The church calls on the committee to file shareholder resolutions with companies in which the church has investments “whose products or services contribute to violence against either side or contribute to the infrastructure that supports or sustains the Occupation, such as settlements and their bypass roads, the security barrier where it is built on Palestinian land, and demolition of Palestinian homes.”
The resolution also calls on the committee to encourage companies in which it has holdings to support Palestinian economic development in the West Bank and Gaza Strip.
But it stops short of recommending that the church divest from companies that profit from Israel’s presence in the territories, which had been a possibility.
The committee said it was not recommending divestment because “the goal is for selected companies to change behavior, resulting in a more hopeful climate for peace. If the church simply divests, nothing positive has happened.”
“What this evidences is that the corner has been turned,” said Ethan Felson, assistant executive director of the Jewish Council for Public Affairs. “The churches can find balanced and reasonable approaches that enable them to ensure that their investments are done in a way that comports with their values, without delegitimizing Israel or embracing a decidedly one-sided narrative.”
Officials of the church’s Executive Council were traveling Tuesday from their meeting in Nevada and could not be reached.
The Episcopalian move could influence the United Methodist Church, which currently is studying how it should respond to the Palestinian-Israeli conflict, Jewish officials say.
Considering that the Presbyterian Church USA is now the only Protestant church that has called for divestment, the Episcopal Church’s decision reflects a trend toward greater closeness between Jews and Protestants, Jewish officials say.
“The Jewish community and the mainline Protestant community have not engaged each other on the Middle East for decades,” Elcott said. “We have not taken each other seriously. Now we are working together to reach peace. That is a breakthrough.”
But some in the Jewish community wish that the Episcopalians had gone further.
Rabbi Gary Bretton-Granatoor, director of interfaith affairs at the Anti-Defamation League, called the move “a step in the right direction.”
“We are concerned, however, that they failed to acknowledge the important steps that Israel has taken with disengagement,” he said, referring to Israel’s recent Gaza Strip withdrawal. “But we hope that other churches follow the lead” and reject divestment.
When the Presbyterian Church took up divestment from Israel last summer, it paved the way for other mainline Protestant churches to consider divestment — and touched off a year of intensified Jewish-Protestant dialogue.

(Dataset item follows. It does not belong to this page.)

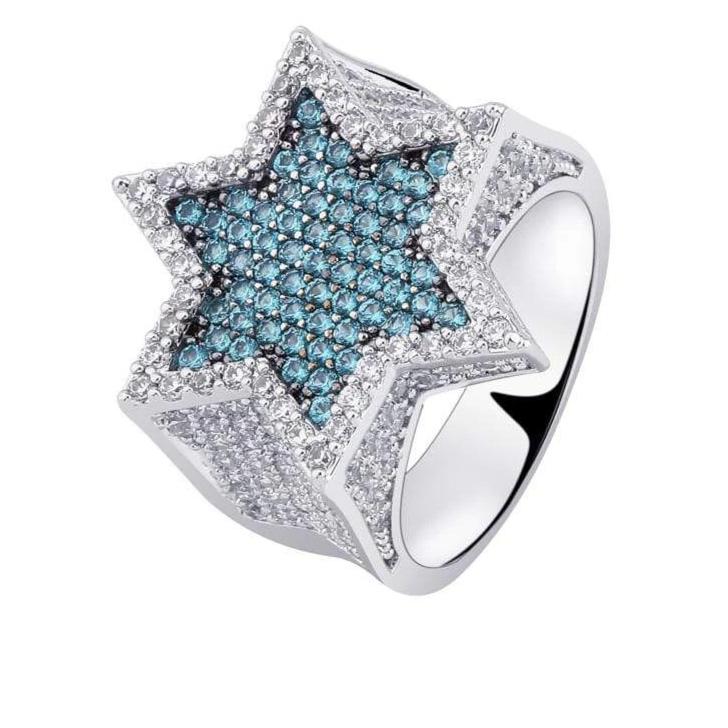 Iced Up London Ring 7 / White Gold Plated Iced Out Ring <br> Blue Star <br> (White Gold)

Jewish groups felt the Protestants were not sensitive to Israel’s perspective and were being duped by pro-Palestinian propagandists who took advantage of well-meaning, but naive, church officials to present a distorted view of the conflict.
National Jewish and Protestant leaders traveled together to Israel last month, a trip participants said influenced both sides and may have reinforced a move toward rapprochement in the lead-up to the Episcopalians’ decision.
“What you’re seeing is a building of consensus,” Elcott said. “When you experience the suffering on both sides, you realize that there is simply no point in validating one side over the other.”